NFOIC's State FOIA Friday for March 29, 2013

March 29, 2013 10:46 AM

A few state FOIA and local open government news items selected from many of interest that we might or might not have drawn attention to earlier in the week. While you're at it, be sure to check out State FOIA Friday Archives and check out those pieces we linked to as part of our Sunshine Week News coverage.

Freelance reporter files three FOIA suits

CHARLESTON – A freelance reporter who contributes to the West Virginia Record filed three Freedom of Information lawsuits last week in Kanawha and Jackson counties. The defendants in the lawsuits are the West Virginia State Police and Col. Jay Smithers; Blaine Hess and the Jackson County Board of Education; and Teresa Tarr and the West Virginia Judicial Investigation Commission.

Visit The West Virginia Record for the rest.

The Public’s Beeswax

A jury this month declared guilty of corruption five former councilmembers of the city of Bell in Los Angeles County.

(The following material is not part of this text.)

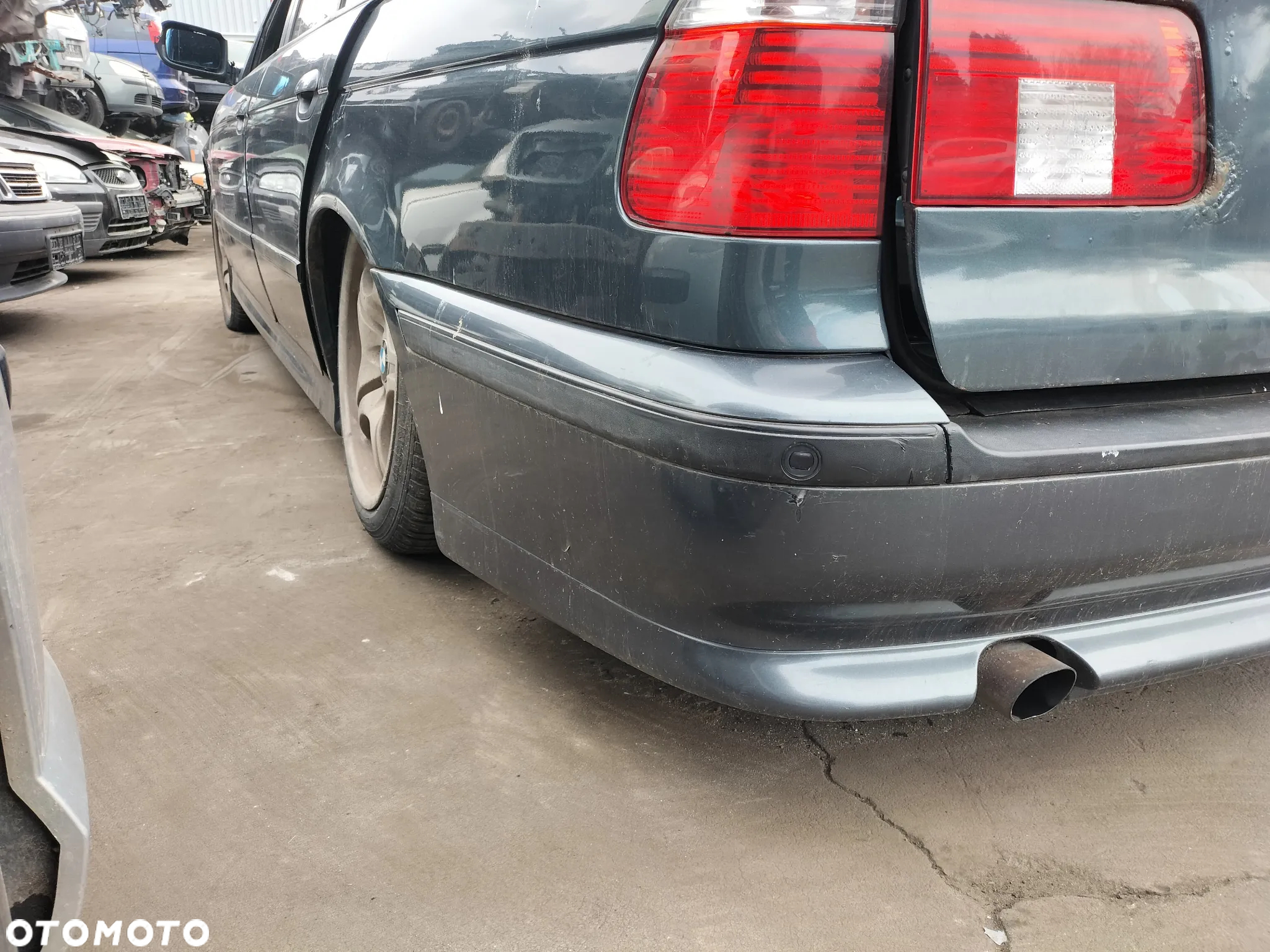 CAŁE AUTO NA CZĘŚCI RADIO LAMPY TYŁ FOTELE BMW E39 LIFT KOMBI KOD LAK. ANTHRAZIT METALIC 397/7 - 22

For running a town that is a little larger than Eureka, with a similar percentage of people living in poverty, they had each received salaries more than 10 times what Eureka pays its city leaders. ... That story first broke when two reporters from the Los Angeles Times, Jeff Gottlieb and Ruben Vives, requested salary figures for city leaders under the California Public Records Act.

Visit North Coast Journal for the rest.

FOIA complaint: Attorney General's Office finds Woodbridge in violation

BRIDGEVILLE – Delaware’s Attorney General’s Office has ruled in favor of Greenwood resident Daniel Kramer’s Freedom of Information Act complaint against the Woodbridge School District board of education, saying the school board was in FOIA violation in dealing with the resignation of then superintendent Dr. Phyllis Kohel and the hiring of then assistant superintendent Heath Chasanov as the district’s new superintendent in July 2012.

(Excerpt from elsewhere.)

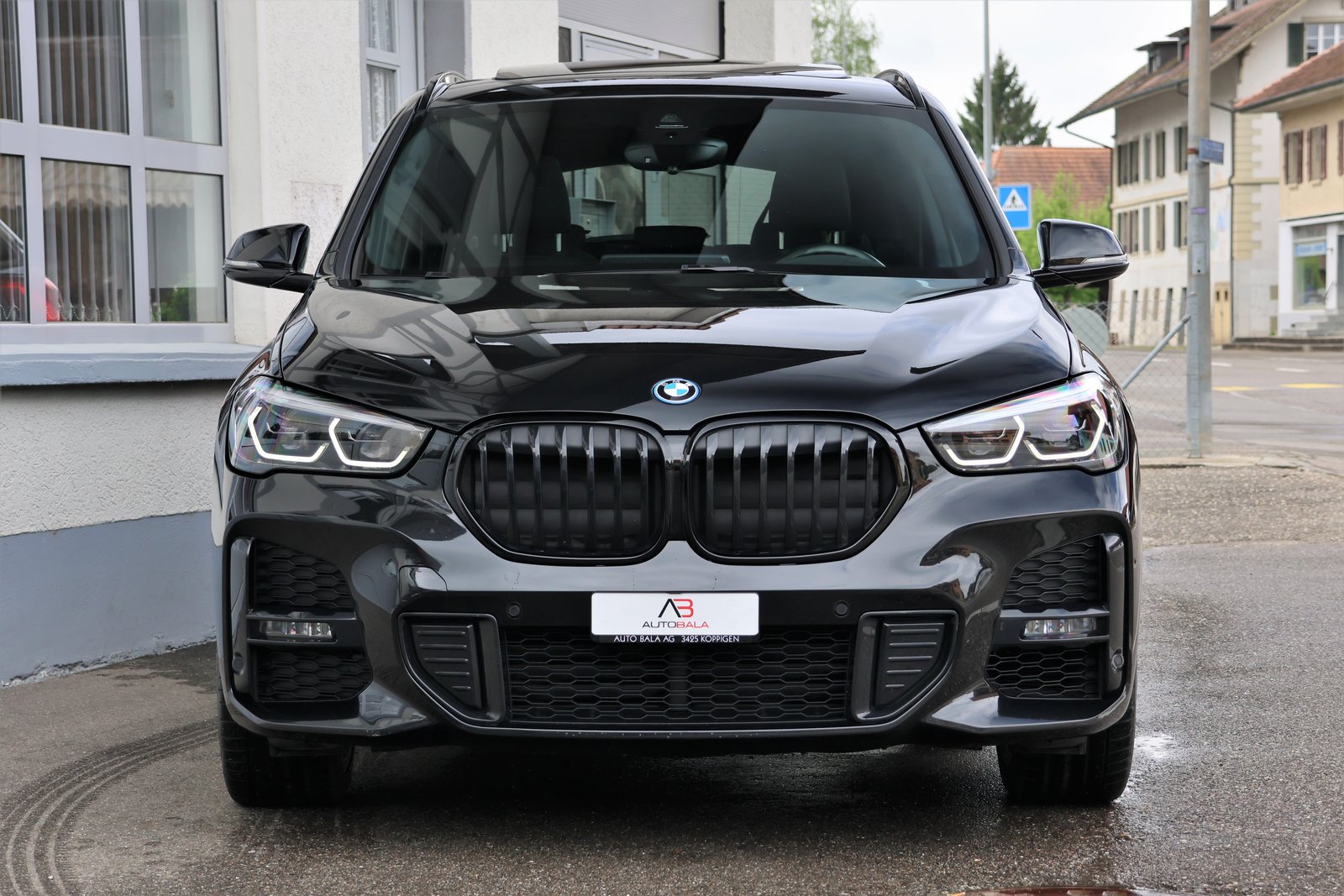 BMW X1 25e M Sport Steptronic, Plug-in-Hybrid Petrol/Electric, Second hand / Used, Automatic - 2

Visit Delaware.Newszap.com for the rest.

Breaking the law to publish the law: Open government advocate digitizes entirety of D.C. code

Sitting in front of me is a copy of one volume of the D.C. Code, the compendium of laws that govern everything from criminal acts to when and how you can rent your home to a stranger. This particularly volume, which covers Titles 43-46, has seen better days: the elegantly bound book has had its pages torn from its binding, as if someone was purposely trying to take the book apart. That's actually exactly what happened.

Visit DCist for the rest.

North Dakota open government wins, loses

Open government scored a victory and a defeat Wednesday in the North Dakota Legislature. The state Senate approved an amendment to House Bill 1215, involving the charged issue of a school district allowing concealed carry in its buildings. Lawmakers voted to remove the controversial amendment, which would have allowed districts to decide the fate of concealed carry in executive session, away from the ears of the public.

Visit Williston Herald for the rest.

Holding accountable all levels of government

A couple of weeks ago a couple of harbingers of Spring came and went, and each acknowledges how we depend on sunshine. One was Daylight Savings Time, letting us think about spring and more sunlight, and the other was “Sunshine Week,” a time to promote and praise transparency in government: open government.

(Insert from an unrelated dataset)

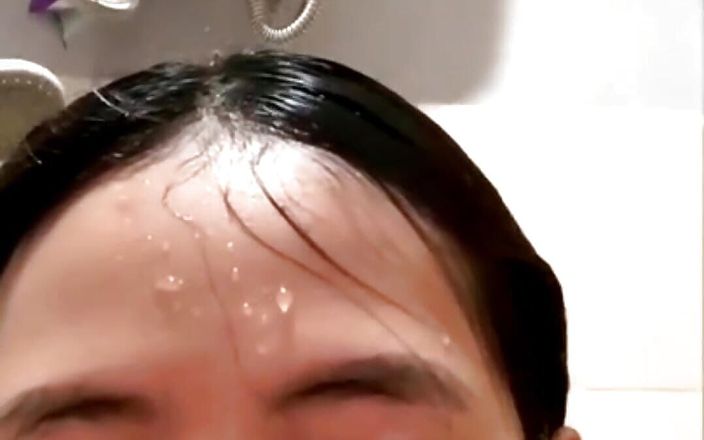 Skandal selebgram indo live sambil mandi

Visit Tri States Public Radio for the rest.

Governor proposes $10 charge to access court files

Sacramento — Gov. Jerry Brown wants to let state courts charge the public $10 just to access files at county courthouses, one of a handful of provisions in his proposed budget that puts a price tag on the public’s right to know. Terry Francke, co-founder and general counsel of the open-government group Californians Aware, likened the court-fee proposal to installing coin-operated turnstiles at courthouse doors.

Visit U-T San Diego for the rest.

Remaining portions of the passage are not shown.